Top of PROVIDED MATERIAL
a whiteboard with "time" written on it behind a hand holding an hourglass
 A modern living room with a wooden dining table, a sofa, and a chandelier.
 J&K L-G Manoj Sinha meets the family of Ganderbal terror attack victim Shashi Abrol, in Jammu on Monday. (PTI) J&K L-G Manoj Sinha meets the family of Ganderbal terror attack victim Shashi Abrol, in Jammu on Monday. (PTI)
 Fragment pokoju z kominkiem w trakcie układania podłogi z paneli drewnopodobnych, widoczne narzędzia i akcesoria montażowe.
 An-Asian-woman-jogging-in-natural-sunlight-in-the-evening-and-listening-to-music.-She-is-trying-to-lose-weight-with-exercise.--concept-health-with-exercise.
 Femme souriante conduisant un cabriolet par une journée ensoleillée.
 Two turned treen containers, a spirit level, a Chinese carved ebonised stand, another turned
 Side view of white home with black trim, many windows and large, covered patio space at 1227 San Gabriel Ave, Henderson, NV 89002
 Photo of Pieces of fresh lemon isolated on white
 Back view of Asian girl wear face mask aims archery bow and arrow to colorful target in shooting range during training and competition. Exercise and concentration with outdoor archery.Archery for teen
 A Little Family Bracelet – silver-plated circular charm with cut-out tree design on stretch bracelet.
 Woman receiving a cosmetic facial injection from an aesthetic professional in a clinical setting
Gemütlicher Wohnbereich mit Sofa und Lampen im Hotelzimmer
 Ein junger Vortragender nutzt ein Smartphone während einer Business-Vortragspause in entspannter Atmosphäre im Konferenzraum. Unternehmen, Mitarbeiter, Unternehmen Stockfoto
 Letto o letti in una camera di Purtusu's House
Bottom of PROVIDED MATERIAL
== TASK DETAILS ==
Reproduce the entries above exactly, starting at their first line and finishing with the line that contains "Fragment pokoju z".

== RESPONSE BOX ==
a whiteboard with "time" written on it behind a hand holding an hourglass
 A modern living room with a wooden dining table, a sofa, and a chandelier.
 J&K L-G Manoj Sinha meets the family of Ganderbal terror attack victim Shashi Abrol, in Jammu on Monday. (PTI) J&K L-G Manoj Sinha meets the family of Ganderbal terror attack victim Shashi Abrol, in Jammu on Monday. (PTI)
 Fragment pokoju z kominkiem w trakcie układania podłogi z paneli drewnopodobnych, widoczne narzędzia i akcesoria montażowe.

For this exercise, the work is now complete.